▶ [SUPPLIED MATERIAL]:
--- --- ---

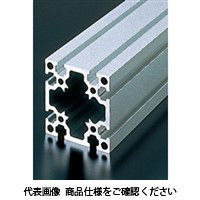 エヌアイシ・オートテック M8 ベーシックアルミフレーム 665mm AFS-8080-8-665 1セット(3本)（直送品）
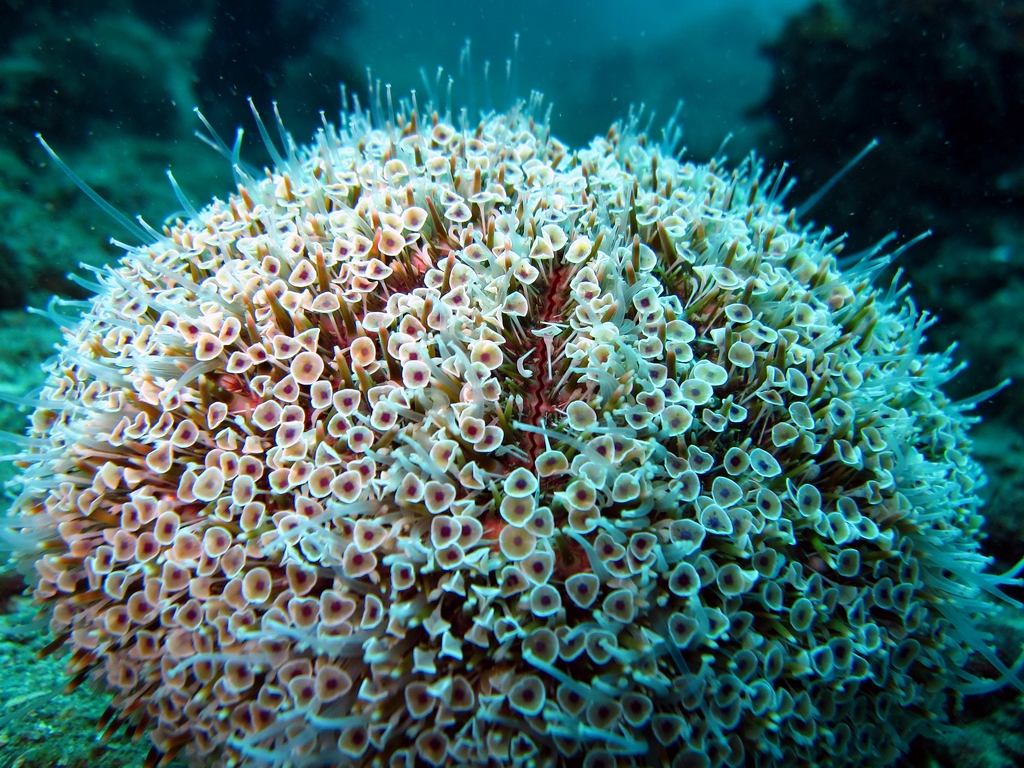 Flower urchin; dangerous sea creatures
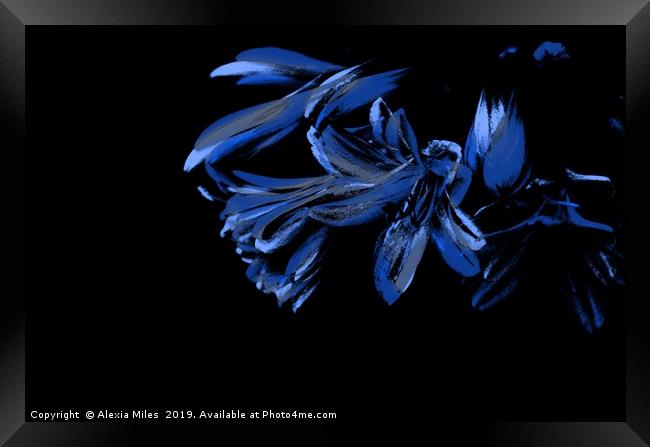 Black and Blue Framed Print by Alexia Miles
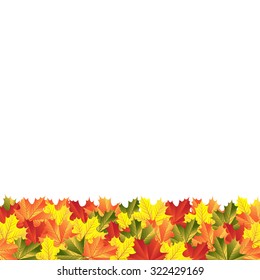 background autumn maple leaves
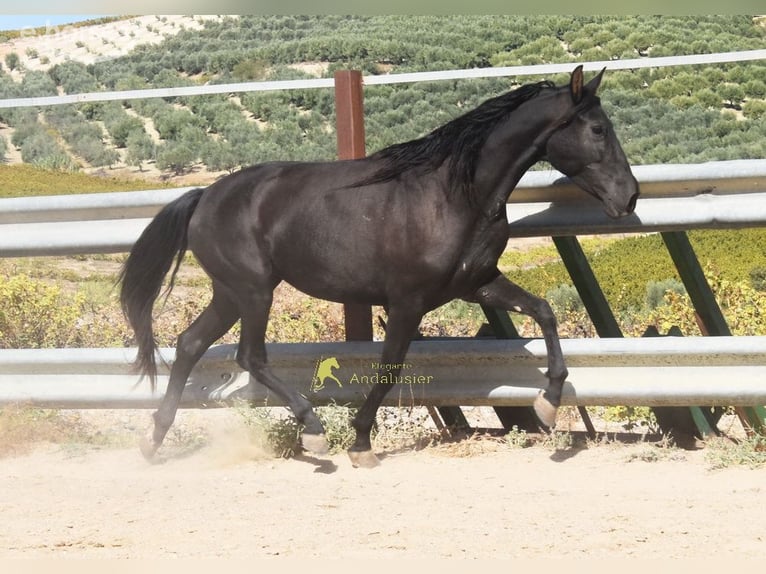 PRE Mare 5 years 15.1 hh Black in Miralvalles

--- --- ---

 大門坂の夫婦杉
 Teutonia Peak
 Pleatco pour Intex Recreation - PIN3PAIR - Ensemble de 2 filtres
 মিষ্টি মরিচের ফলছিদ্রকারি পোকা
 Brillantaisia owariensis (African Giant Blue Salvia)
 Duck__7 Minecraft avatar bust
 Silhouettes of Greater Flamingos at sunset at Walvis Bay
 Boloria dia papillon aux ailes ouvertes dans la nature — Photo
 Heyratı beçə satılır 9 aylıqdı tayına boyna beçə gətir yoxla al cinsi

--- --- ---

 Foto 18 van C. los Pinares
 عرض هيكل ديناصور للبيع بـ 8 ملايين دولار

--- --- ---

▶ [TASK REQUIREMENTS]:
Take the entries above and return only the lines from the one with "Teutonia Peak" to the one with "Heyratı beçə satılır", both included, unchanged.

▶ [RESULT]:
 Teutonia Peak
 Pleatco pour Intex Recreation - PIN3PAIR - Ensemble de 2 filtres
 মিষ্টি মরিচের ফলছিদ্রকারি পোকা
 Brillantaisia owariensis (African Giant Blue Salvia)
 Duck__7 Minecraft avatar bust
 Silhouettes of Greater Flamingos at sunset at Walvis Bay
 Boloria dia papillon aux ailes ouvertes dans la nature — Photo
 Heyratı beçə satılır 9 aylıqdı tayına boyna beçə gətir yoxla al cinsi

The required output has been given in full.